The Charlotte Observer
A professor at Ferris State University in Michigan has been placed on administrative leave after a profane rant in which he referred to students as “vectors of disease.”
The comments were made by Barry Mehler in his introduction video to students for one of his classes. Mehler is a history professor in the university’s humanities department, MLive.com reported, but he is no longer listed on its faculty page.
David Eisler, the president at Ferris State, said he was “shocked and appalled” by Mehler’s video to students.
“It is profane, offensive and disturbing and in no way reflects our university or its values,” Eisler said, WOOD-TV reported.
In the 14-minute video, the 74-year-old tenured professor said he is retiring at the end of the school year while informing students no one will tell him how to teach his classes.
He urged his students to stay away from his classroom and instead attend virtual classes through Zoom.
“You people are just vectors of disease to me and I don’t want to be anywhere near you,” Mehler said. “So keep your f—— distance. If you want to talk to me, come to my Zoom.”
Mehler later referred to a full classroom as students who don’t care “whether grandpa lives or dies.” He said students should not come to the classroom and risk infection, either to him or themselves.
He said his choice of words in the profane lecture is a reference to an episode of the show “Deadwood.”
The professor went on to mention his grading system comes from the doctrine of predestination, meaning students do not have control over their grades.
“None of you … are good enough to earn an ‘A’ in my class, so I randomly assign grades before the first day of class,” Mehler said. “I don’t want to know s— about you. I don’t even want to know your name. I just look at the number and I assign your grade.”

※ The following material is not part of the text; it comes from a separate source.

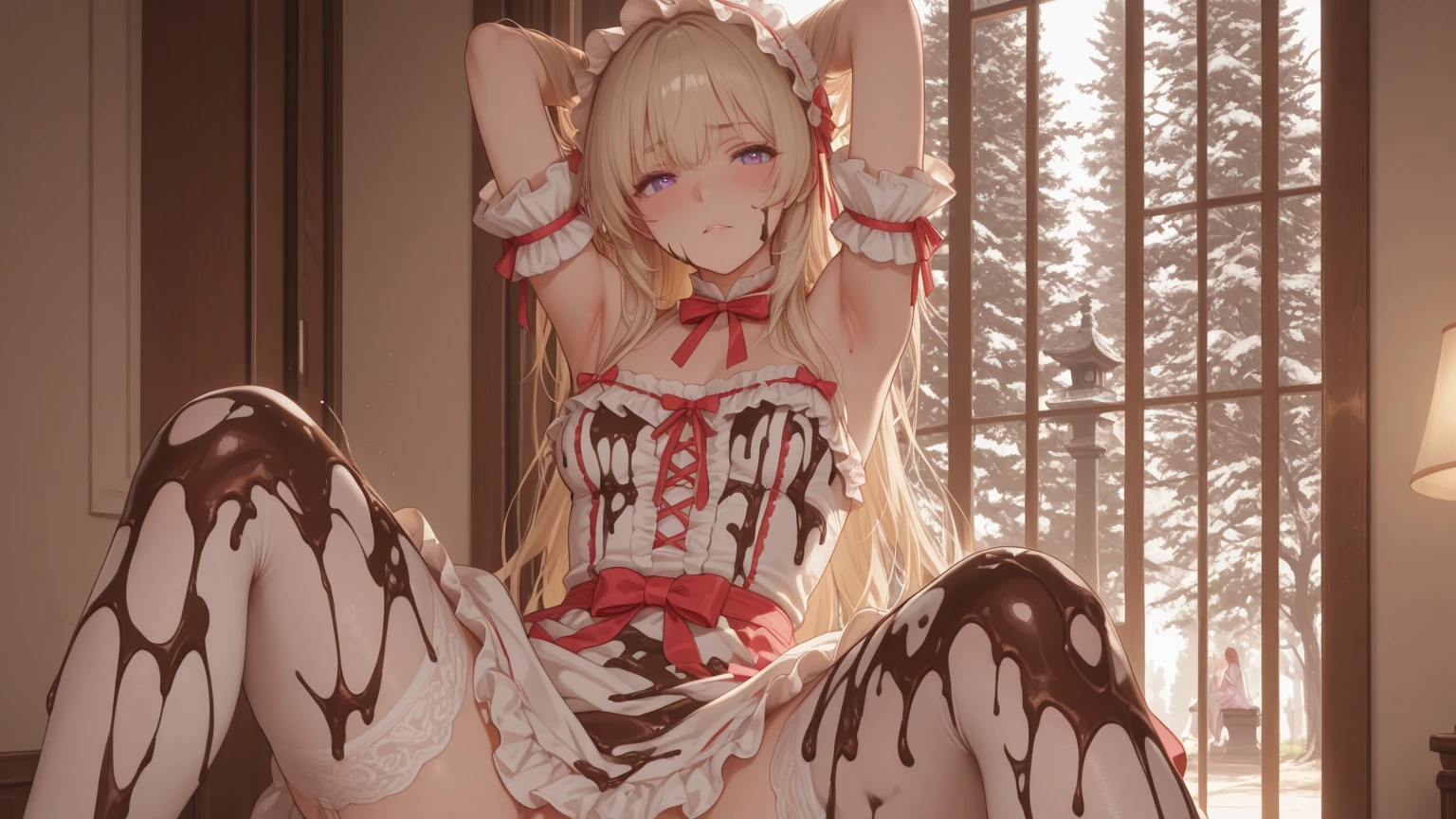 village girl,pumpkins,Halloween,Pigtails,a blond,odd eye,White stew,Warm steam,The room is filled with steam,dining,in a house,Rural atmosphere,Family gatherings,Multiple people,White liquid on the body,ecstacy,Arm restraint,cum on,cum shots,press,Severe convulsions,SEX,A large amount of white liquid dripping from the crotch,涎,AHE Face,Crotch wide open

The university did not comment about Mehler’s claims of his grading system. A campus spokesperson told MLive that Mehler is on administrative leave pending an investigation.
While continuing to urge his students not to attend in-person classes, Mehler said he will be in the classroom “regularly because I have no choice.”
Ferris State University reported 97 actives cases of COVID-19 as of Jan. 13. The spring semester recently began at the university in Big Rapids, Michigan, and the campus required students living on campus to bring results of a negative COVID-19 test when arriving for the new term.